Terre en vue a lancé un appel citoyen pour la sauvegarde des terres agricoles en Wallonie et à Bruxelles. Cet appel citoyen se caractérise par le lancement d’une campagne de communication baptisée «Entre nos mains, la terre», soutenue par plusieurs personnalités publiques, citoyens et agriculteurs. L’occasion de faire le point sur cette association née en 2012 avec François Leboutte, chargé de projet.

27-10-2020
© Loïc Delvaulx

Alter Échos: Avec cet appel citoyen baptisé «Entre nos mains, la terre», on dirait que Terre en vue (Lire: «Terre en vue. Pour que la terre nourrisse»), tout en gardant son ADN à savoir la sauvegarde des terres agricoles, veut prendre de l’ampleur et viser plus grand…

François Leboutte: Terre en vue vient en effet de franchir la barre des 100 hectares en gestion.
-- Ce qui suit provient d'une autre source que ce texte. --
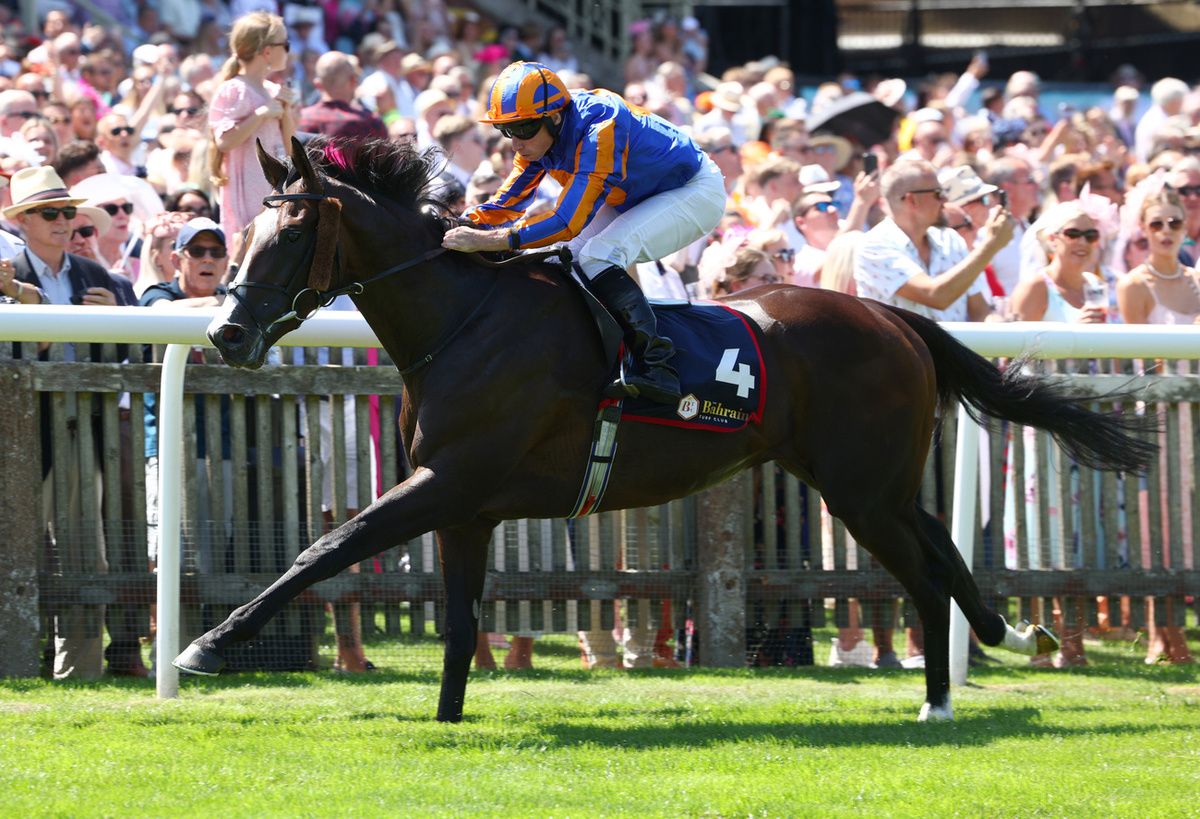 Scandinavia proved too strong for Illinois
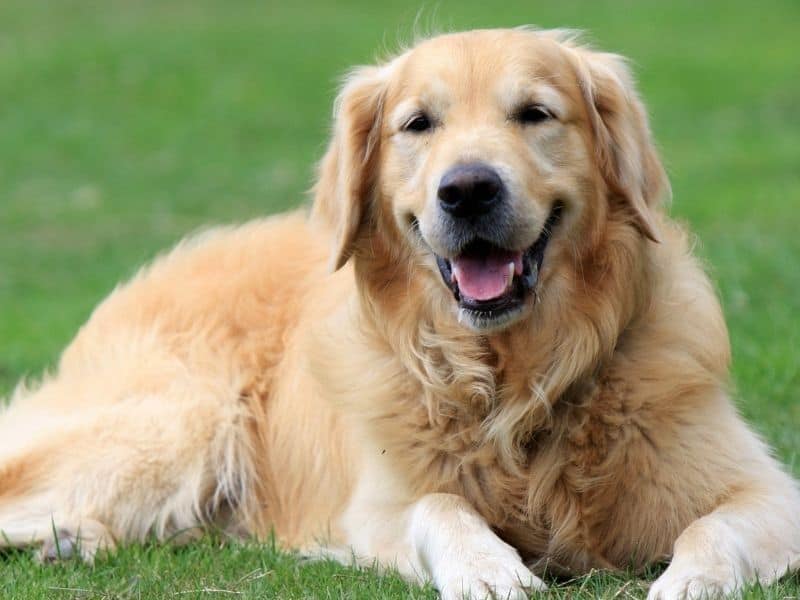 Red Golden Retrievers: Their Personality, Health, and Needs
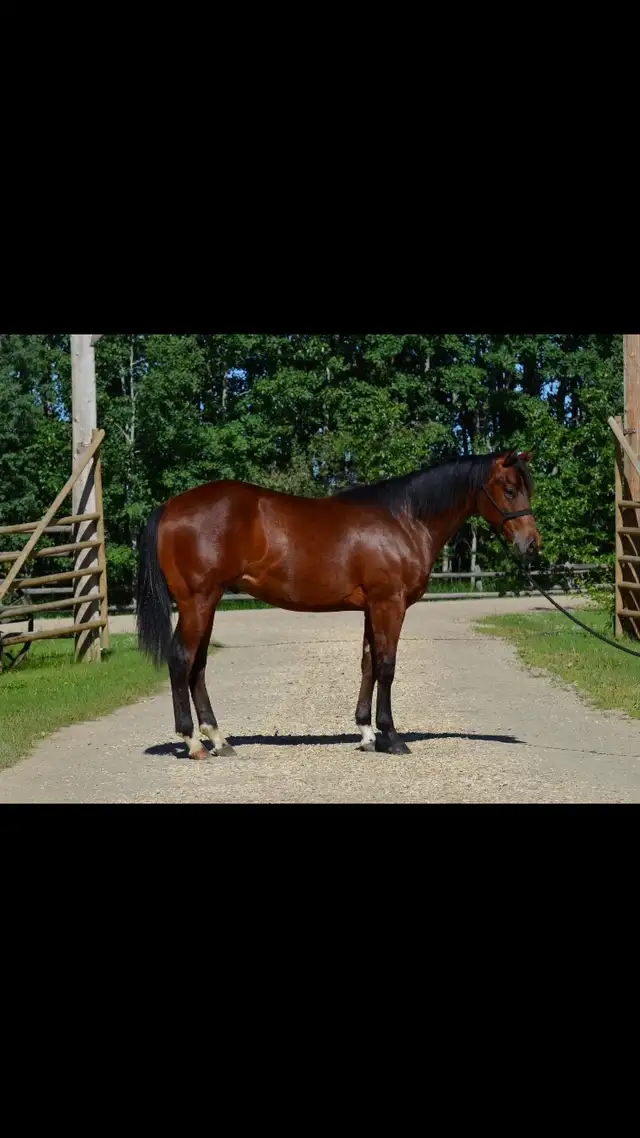 Bay Gelding
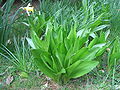 Colchicum byzantinum leaves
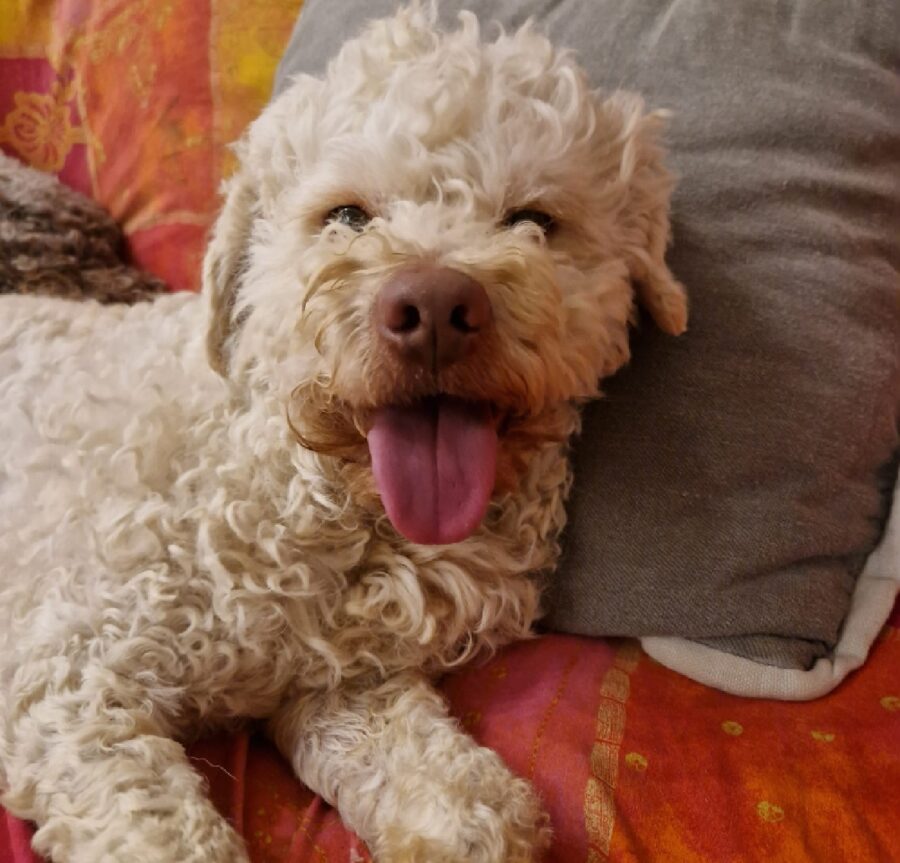 cagnolino sorridente lago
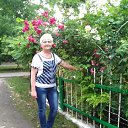 ���� ����, ������ - ��������� 3 ���� 2017 � ������ ���������� ������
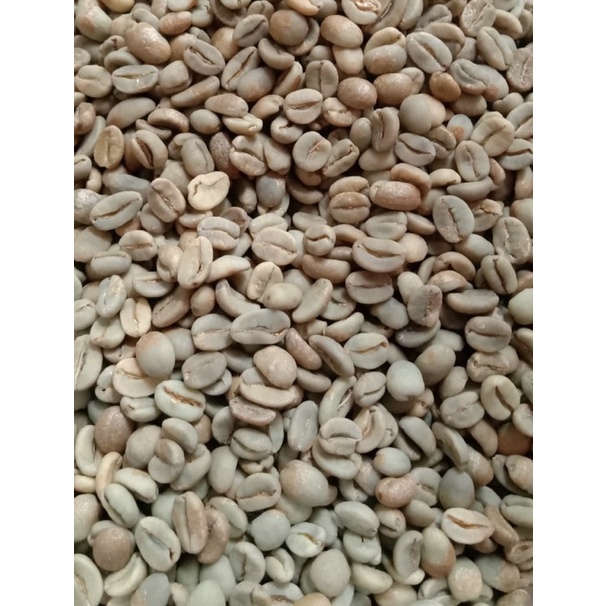 

greenbean arabika natural lactic kubangsari crop 2022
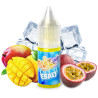 Fruizee 20mg esalt sel de nicotine 10ml magic beach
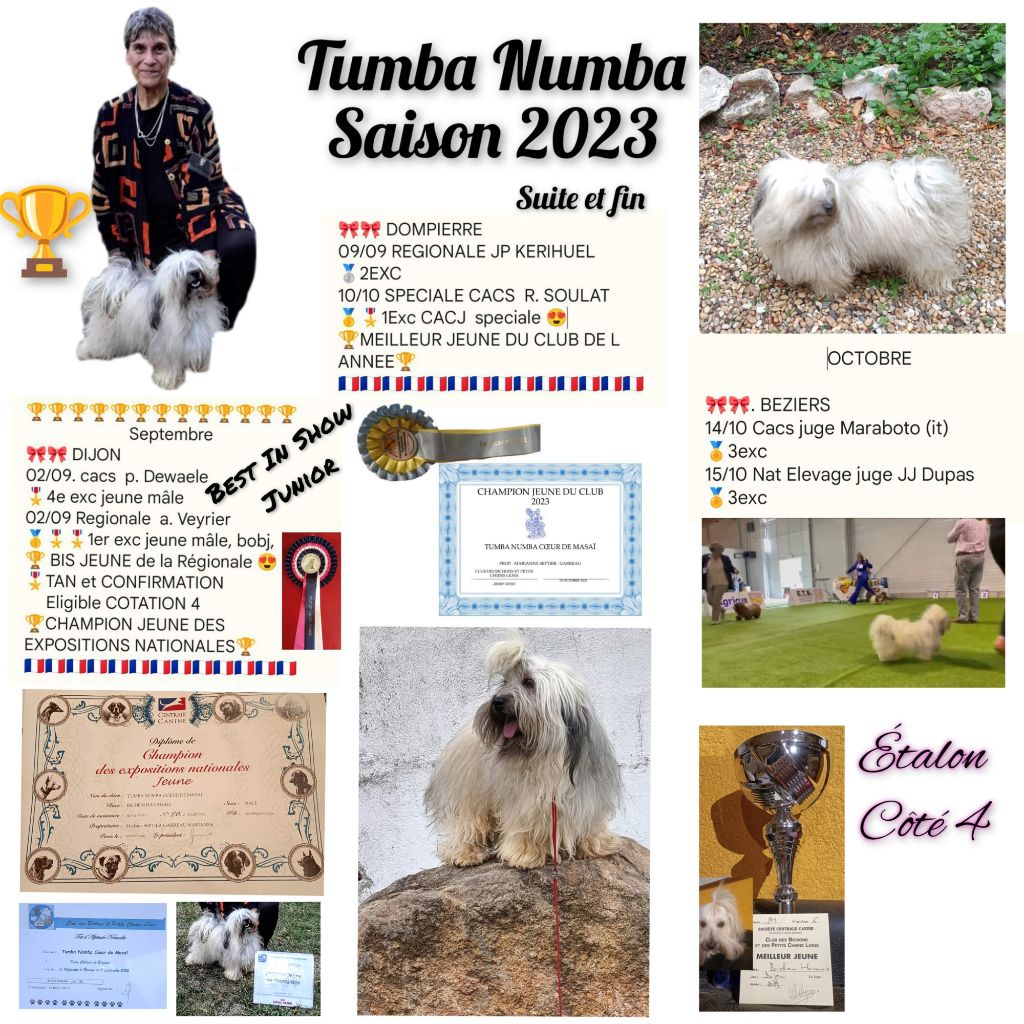 Publication : Coeur De Masai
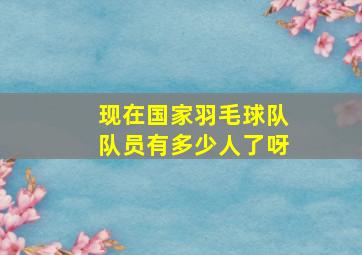 现在国家羽毛球队队员有多少人了呀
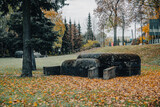 Fototapeta  - Betonowy schron na obrzeżach miasta Kętrzyn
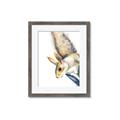 Picture of Flying Squirrel _GroupedProduct_Rectangle_Portrait_Mini_ _GroupedProduct_Rectangle_Portrait_Framed_Matted_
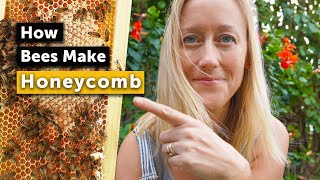 HOW BEES MAKE HONEYCOMB  It Might Surprise You!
C’est un cap. C’est surtout le signe qu’on se porte bien. Mais on a surtout envie de changer d’échelle et d’aider plus de fermes, en ayant une action plus structurante au niveau agricole wallon. D’où l’appel citoyen qui a été lancé pour rappeler que notre modèle fonctionne, en soutenant une quinzaine de fermes tout à fait viables qui ont misé sur le bio. Pendant longtemps, le secteur bio a traîné l’étiquette d’un secteur inefficace qui ne pouvait pas fonctionner, qui allait revenir tôt ou tard vers le conventionnel… On voit bien aujourd’hui que ce secteur prend de l’ampleur, qu’il fonctionne.

Alter Échos: Le bio, c’est en effet un secteur en effet qui se porte bien en Wallonie. Durant la crise sanitaire, avec les circuits courts, beaucoup de citoyens se sont tournés vers eux… 

François Leboutte: Tout à fait. Une crise sanitaire telle que celle que nous connaissons remet en question toute une série de choix de société, a fortiori ceux liés à l’alimentation. Durant le confinement, il y a eu un mouvement très large de citoyens qui sont allés dans les fermes. De l’écho qui nous revient de nos agriculteurs, ce mouvement a perduré après le déconfinement. Les fermes ont réussi à fidéliser cette nouvelle clientèle.  Cette crise a rappelé à quel point le métier d’agriculteur était un métier fondamental, mais surtout en danger. Terre en vue essaie justement de conscientiser les citoyens sur les grandes difficultés que rencontrent les agriculteurs parce que le marché des terres est non régulé, que les prix s’envolent. La situation n’est neuve… Elle est présente depuis la crise financière de 2008 où beaucoup de personnes ont vu la terre comme une valeur refuge. Le marché s’est emballé et à présent, l’accès aux terres agricoles est un énorme problème pour ceux qui ont un projet à taille humaine. Ces terres sont de plus en plus achetées par de grosses entreprises agricoles, qui génèrent de l’argent, et qui achètent ainsi toutes les terres qui se libèrent. Le prix de la terre s’est complètement déconnecté de la valeur agricole. Auparavant, un agriculteur empruntait de l’argent en banque et remboursait avec sa production. Actuellement, ce n’est plus possible… Malheureusement, les prix montent partout. Aucune région n’est épargnée, et dans les zones où les prix étaient plus bas, on observe un phénomène de rattrapage pour le moment. Un rattrapage qui n’a pas de sens, étant donné la différence de qualité des sols d’une zone à une autre. En province de Luxembourg, par exemple, le prix moyen est de 22000 euros l’hectare, cela représente une augmentation de 48 % par rapport à 2018. Les agriculteurs ne peuvent pas suivre cette dynamique. C’est impossible…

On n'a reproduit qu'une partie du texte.